Сегодня

448,89    477,93    62,02    4,76
Политика

Центральная Азия и «цветные перспективы»

Андрей ГрозинМатерик
20 июля 2015

Коллаж: Русские в Казахстане

Не смотря на ожидания, традиционного «летнего затишья» в текущем году для Центральной Азии (ЦА) не наступило - в настоящее время ситуация вокруг региона складывается в негативном ключе. Тень «цветных технологий» (ЦТ) в регионе сгущается.

Анализ происходящего в странах «арабской весны» и на Украине позволяет сделать выводы, касающиеся ЦТ в Центральной Азии – обострения в среднесрочной (а при неблагоприятном развитии ситуации – и краткосрочной) перспективе обстановки в постсоветской Азии.

1. Свержение даже самых устойчивых режимов при определенных условиях возможно и гарантированно защищенным от такого исхода событий, особенно в период транзита высшей власти, не может быть никто. Поэтому ситуация в Казахстане и Узбекистане внушает особую тревогу и заслуживает максимального внимания. Удачным или нет будет возможный переворот, зависит от сочетания действий внутренней оппозиции с наличием у нее внешней поддержки. Последствием же свержения правящего режима (или потери им контроля над частью территории страны) является не только ослабление институтов власти, но и децентрализация или распад страны. Ключевым фактором для проведения успешного государственного переворота (ЦТ) является участие в нем представителей высшей государственной элиты: губернаторов, мэров столиц, силовиков, представителей крупного бизнеса. Главная задача организаторов переворота из внешних центров влияния – найти опору в национальных элитах.

Комплиментарно настроенные по отношению к Узбекистану эксперты указывают на то, что «говорить о возможности смены власти в Узбекистане не электоральным путем в абстрактном плане крайне сложно и бессмысленно. …Если мы говорим о не электоральной смене власти посредством некого переворота или реакции на некие протестные выступления населения, то …вероятность такого исхода событий является достаточно малой». Однако, стоит отметить, что все известные на настоящее время смены «первых лиц» в ЦА носили именно «неэлекторальный» характер – в Киргизии два переворота, в Туркмении – противоречащее конституционным нормам назначение фигуры, которую союз силовиков страны посчитал для себя наиболее «удобной», в Таджикистане – известные перипетии периода пика гражданской войны.
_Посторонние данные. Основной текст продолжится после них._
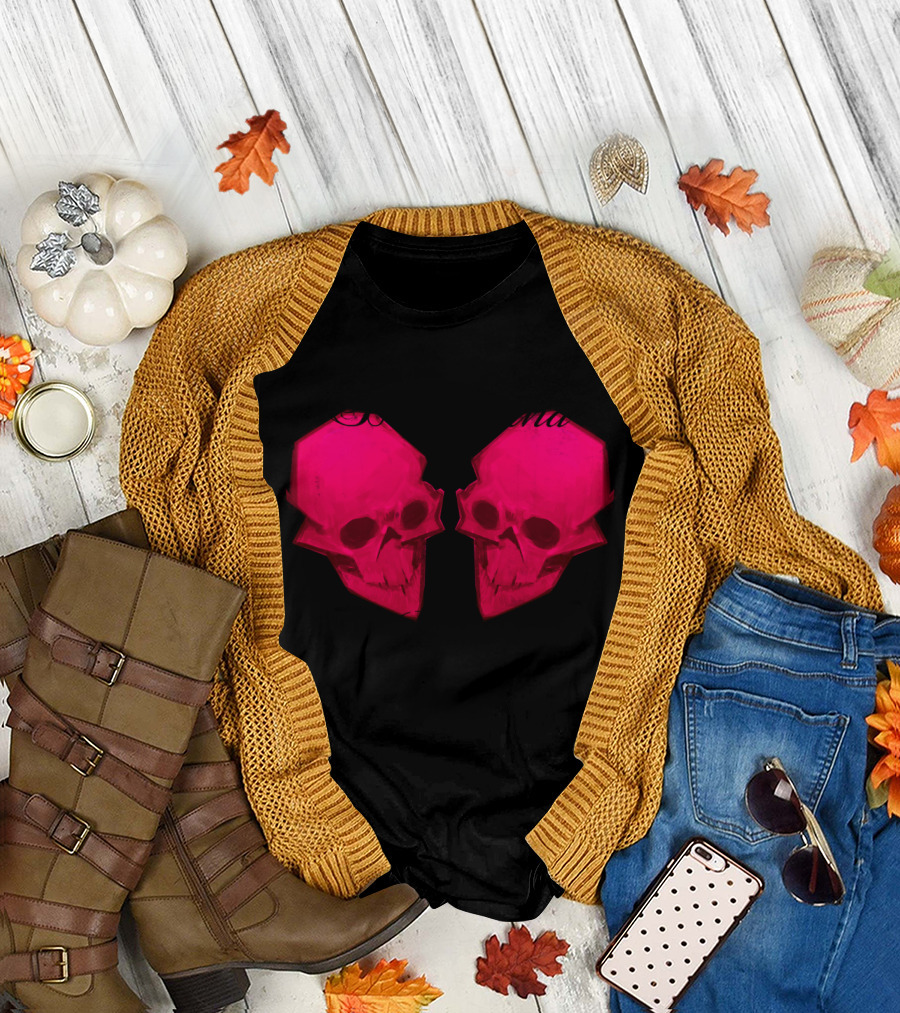 Death and Love Red Skulls T-Shirt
Нет никаких оснований считать, что именно Узбекистан даст нам пример смены лидера страны в соответствии с национальным законодательством а не результат межэлитного конфликта. Определенные надежды в этом плане дает Казахстан, но и тут многолетние экспертные гадания о фигурах «преемников» порождают много сомнений.

2. Фактором, делающим децентрализацию, вплоть до распада, страны неизбежной, является появление на его территории значительных обученных, неподконтрольных центральному правительству вооруженных формирований. При этом ЦТ и государственный переворот могут начаться со вполне случайных, заурядных событий, предсказать которые невозможно (как, скажем, в Тунисе).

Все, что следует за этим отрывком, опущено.